** WHAT IS BEING ASKED **
Search term "Outdoor": copy each line of the data containing it.

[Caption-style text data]
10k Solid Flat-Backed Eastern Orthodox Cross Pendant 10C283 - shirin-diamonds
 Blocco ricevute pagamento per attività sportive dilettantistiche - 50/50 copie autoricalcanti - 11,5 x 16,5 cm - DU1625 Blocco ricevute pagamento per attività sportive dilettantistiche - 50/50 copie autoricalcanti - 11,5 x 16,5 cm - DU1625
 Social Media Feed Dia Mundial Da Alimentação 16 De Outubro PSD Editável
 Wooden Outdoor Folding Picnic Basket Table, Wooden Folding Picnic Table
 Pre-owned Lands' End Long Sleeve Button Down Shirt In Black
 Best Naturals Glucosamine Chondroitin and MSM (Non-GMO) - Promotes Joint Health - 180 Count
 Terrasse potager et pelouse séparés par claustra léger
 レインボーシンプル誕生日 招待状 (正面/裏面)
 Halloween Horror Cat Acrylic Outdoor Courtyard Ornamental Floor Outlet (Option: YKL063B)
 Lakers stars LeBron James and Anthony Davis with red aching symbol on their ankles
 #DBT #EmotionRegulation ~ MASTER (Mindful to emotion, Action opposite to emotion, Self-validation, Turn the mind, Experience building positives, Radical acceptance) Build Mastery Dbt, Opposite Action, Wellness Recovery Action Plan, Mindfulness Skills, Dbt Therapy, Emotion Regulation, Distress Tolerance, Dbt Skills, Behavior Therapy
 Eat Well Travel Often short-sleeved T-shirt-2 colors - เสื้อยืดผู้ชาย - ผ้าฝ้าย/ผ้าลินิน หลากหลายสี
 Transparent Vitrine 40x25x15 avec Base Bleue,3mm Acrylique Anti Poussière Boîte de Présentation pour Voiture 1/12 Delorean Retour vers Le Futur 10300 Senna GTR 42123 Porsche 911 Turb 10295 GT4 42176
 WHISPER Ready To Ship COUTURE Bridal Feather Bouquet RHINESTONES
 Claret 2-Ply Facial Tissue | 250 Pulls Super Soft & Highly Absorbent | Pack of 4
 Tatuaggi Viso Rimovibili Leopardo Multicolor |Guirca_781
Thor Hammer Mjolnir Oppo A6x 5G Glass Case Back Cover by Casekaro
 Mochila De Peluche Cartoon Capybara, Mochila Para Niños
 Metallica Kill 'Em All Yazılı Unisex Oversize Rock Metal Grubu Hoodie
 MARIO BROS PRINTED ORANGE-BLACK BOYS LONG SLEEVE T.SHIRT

** RESULT FOR THIS TASK **
 Wooden Outdoor Folding Picnic Basket Table, Wooden Folding Picnic Table
 Halloween Horror Cat Acrylic Outdoor Courtyard Ornamental Floor Outlet (Option: YKL063B)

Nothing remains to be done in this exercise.